26 May 2009

Bite Sized Chunks

Internet is down,
Life is upside down.

Here's a post of everything i've wanted to say for the past weeks.


___-_-___


Results for my entrance exam to the Indian College come out this Friday.
Results for NUS Medicine between May and early July.


I'm tired of thinking about what may happen. I've already explored the consequences of getting into Medicine in Singapore or India or both or none a hundred times each and i'm tired. Now i just try to stop thinking and wait. Enough...


___-_-___


I've been feeling guilty about how i spend my time now. No work, no school, no life. I'm staying away from counseling people, i'm staying clear of commitments and responsibilities. I'm sleeping in late and staying up late. I'm doing nothing that contributes to my future and thus feeling no sense of purpose and fulfillment in my life.


guilty, guilty, guilty.


But at the young adults weekend away i poured out to God how i felt and he replied with the idea of seasons. Sure you are feeling guilty of slacking now, but think of it this way- if  things work out like you hope... You're not going to be able to slack for such an extended period of time for the next... 10 years or so?

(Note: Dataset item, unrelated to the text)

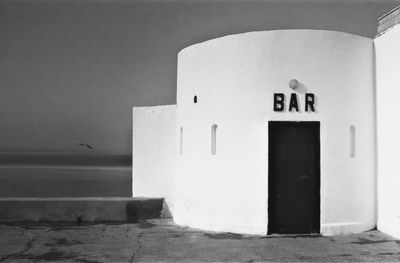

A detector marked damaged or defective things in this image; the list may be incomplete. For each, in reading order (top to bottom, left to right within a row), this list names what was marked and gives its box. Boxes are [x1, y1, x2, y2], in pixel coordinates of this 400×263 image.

cracked concrete ground [0, 221, 398, 263]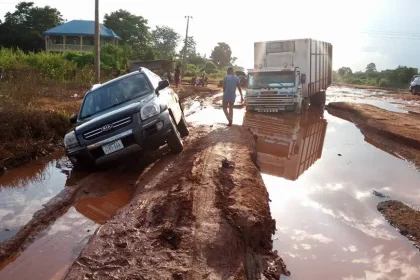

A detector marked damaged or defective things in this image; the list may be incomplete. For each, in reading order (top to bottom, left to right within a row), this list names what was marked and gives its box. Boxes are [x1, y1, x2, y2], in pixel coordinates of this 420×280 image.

damaged road surface [66, 125, 288, 280]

With that in mind i slept in bed till noon, ate brunch, then slept in my sister's bed while she was in school till dinner. And didn't feel that bad.


___-_-___


Of all the things i miss... I realize i miss relationships from certain periods of time most. 


It's not about missing a person, it's missing doing something in particular with that person, or group.


I miss my days in the TK choir spent preparing for our Big River musical. We'd come to school everyday during our school holidays and spend our entire day enjoying ourselves singing and acting as if we lived in the times of Huckleberry Finn.


I miss swimming lessons with the Lee family that always ended with the 2 Mariannes and 2 Wen-Jies playing in the Katong Swimming pool, diving and jumping into the water in all sorts of manners. And playing Marco Polo too.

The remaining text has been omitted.